--- Data section Enclosed Below ---

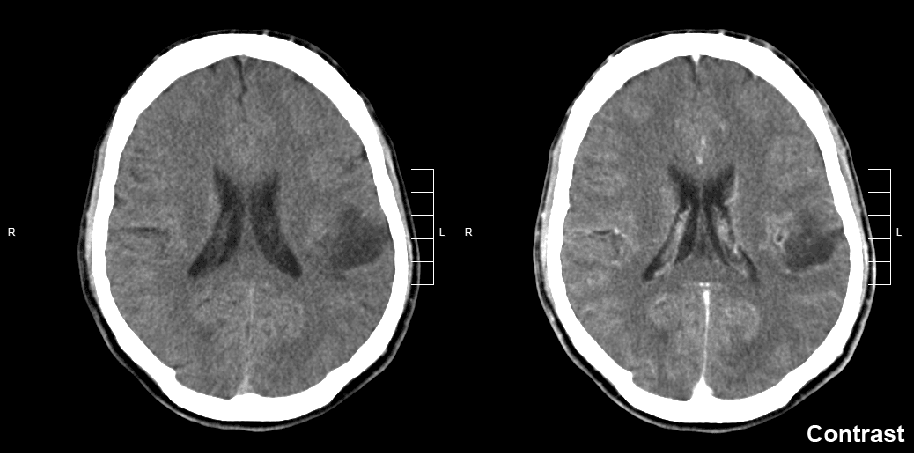 Glioma - Wikipedia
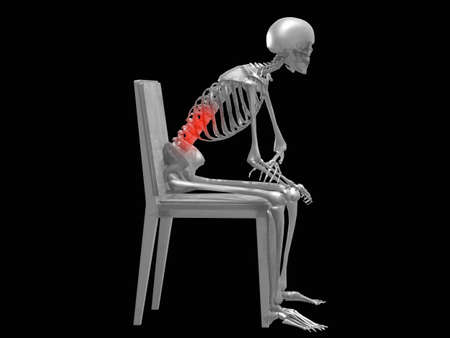 Low back pain illustrationの写真素材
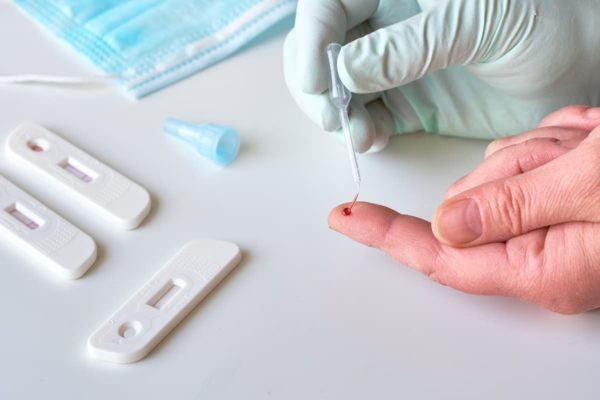 Test covid sangre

--- End of Enclosed Data section ---

Your instructions: When you return the listing, keep it exact and omit any pictures it holds.

Output for this exercise:
 Glioma - Wikipedia
 Low back pain illustrationの写真素材
 Test covid sangre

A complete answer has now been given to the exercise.